Upon first moving down to the Pittsburgh Area, I took refuge in the Kane Woods every day on my lunch break, wandering its well-marked trails, feeling secretly superior to its ragged canopy, its scant wildlife, and all the many noisome incursions that the city makes into its green domain: the traffic sounds, the electric lines, the sewage pipes, the very aircraft overhead.

And yet, I must admit that the Kane Woods has been a beautiful escape for me: the single, lonesome patch of protected and undeveloped forest within easy reach of my suburban office. I've sought refuge here often. And even though it's not the "forest primeval" that I forever seek, at least I've come away from this place at times with a greater sense of clarity and strength.

Some of the trails run along the brows of cliffs or embankments, giving them low overlooks, as in the bottom photo. The valley floor below might be thirty feet or more.

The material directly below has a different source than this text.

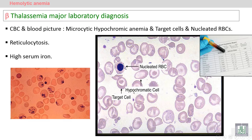In laboratory diagnosis, the CPC and blood picture will show anemia — microcytic hypochromic — with characteristic target cells. There are also prominent and frequent nucleated red blood cells seen in the peripheral blood.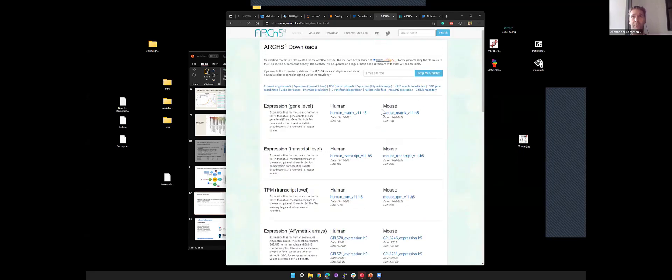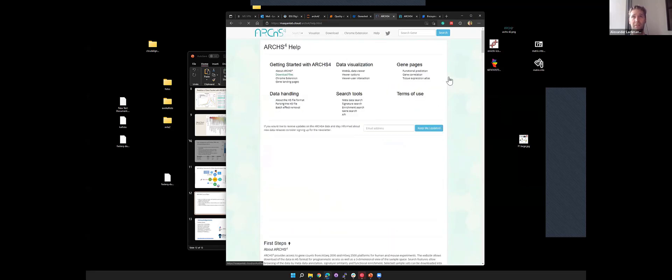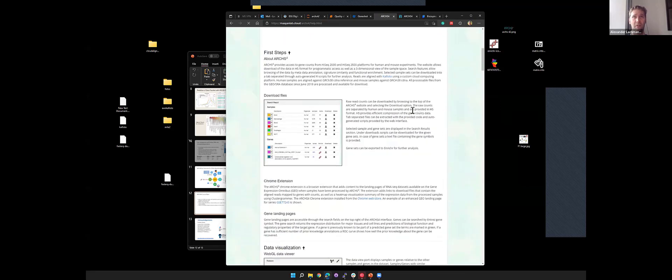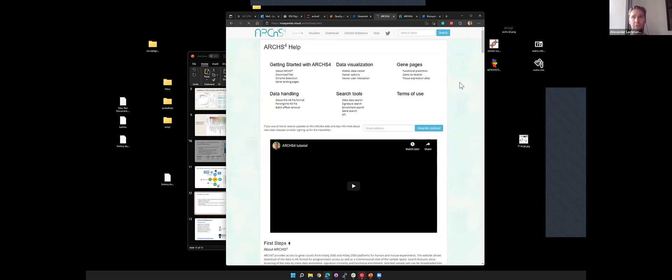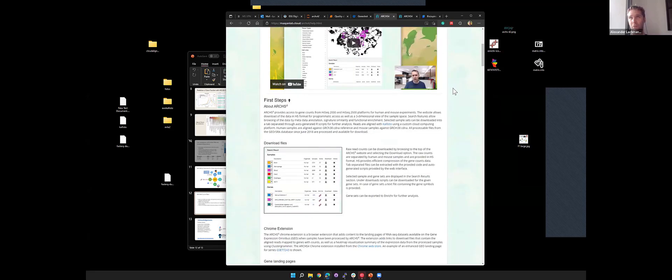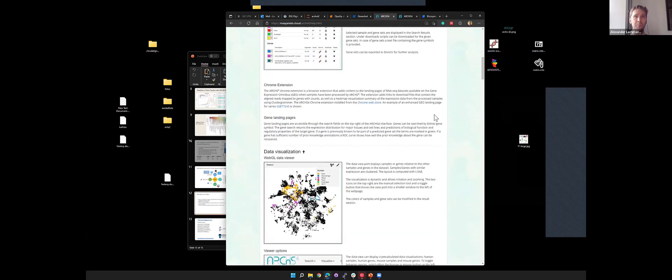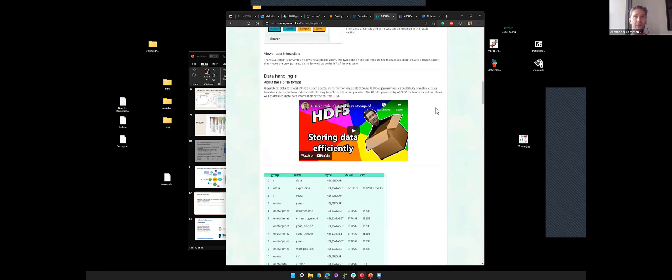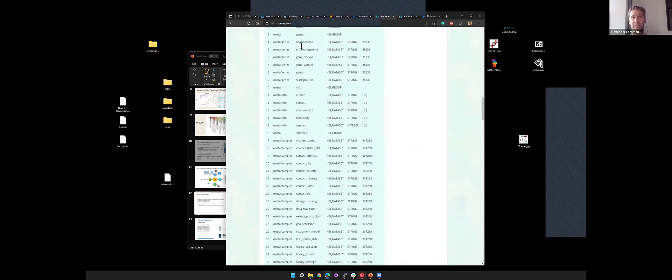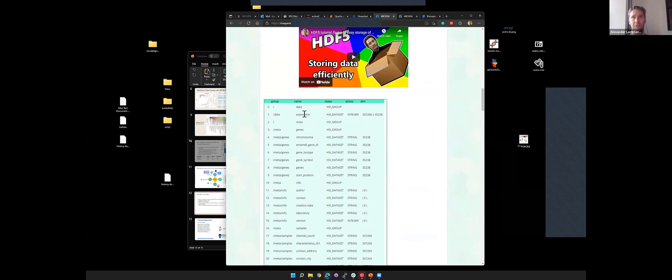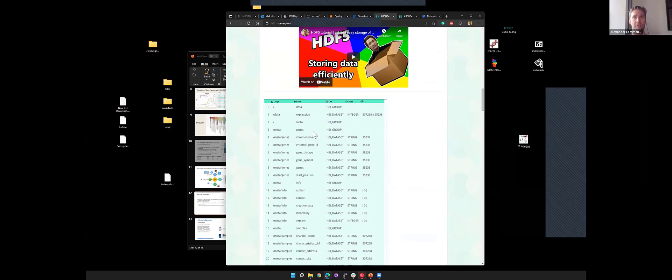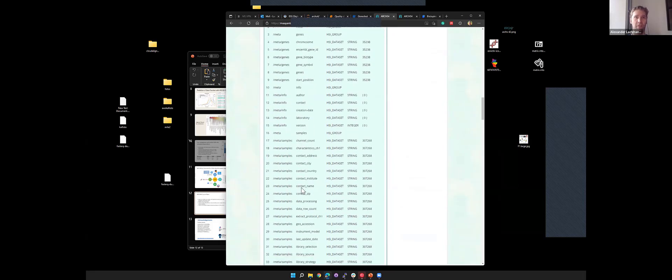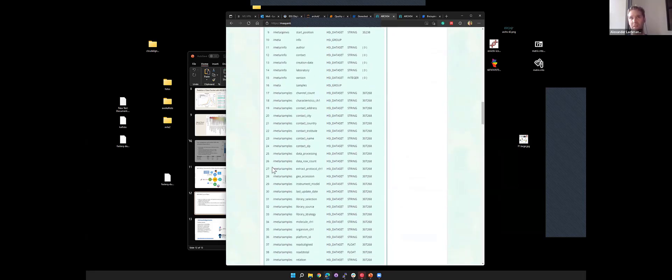We have an extensive help section. We have a YouTube video that goes through the website if you want a more in-depth introduction to it. This also shows all the metadata. This is kind of the inside of an H5 file. Looks a bit scary, but in the end this is the important field that you're interested in. This is the data expression. You can see the number of samples that we have and the number of genes. Then in the metadata you'll find all the sample information, the accession IDs, stuff like that.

Scrubgrass Road, where the best trailhead is located, is one of the last truly rural enclaves in Scott Township (Allegheny County). It remains, I suspect, because the land on either side of the lane is too steep to develop. You can be sure that if they did move in with bulldozers and blueprints, the first thing to go would be the not-sufficiently-anglophile name "Scrubgrass Road." It would be renamed after a character in a Dickens novel: Murdstone Court, Havisham Commons, Trotwood Place.

Yesterday's trek was down the long-abandoned Polecat Hollow Road through the state game lands in Washington County. As I was snapping cheap cell phone shots with my old technological dinosaur, little did I know that my wife was in Robinson purchasing me an iPhone. By the time I got home, my Verizon account had been entirely switched over to the iPhone, and the photos of Polecat Hollow Road lost forever.

That's alright. Polecat Hollow Road is a pleasant enough place with some overlooks to a pretty stream valley. It's worth another visit at a season when the mosquitoes are less active and the poison ivy is tucked away under snow.

I wonder what the developers will rename Polecat Hollow Road if--God forbid--the concrete just keeps stretching further and further out that direction. I'm not an anglophile, but I must admit, that the name doesn't draw me.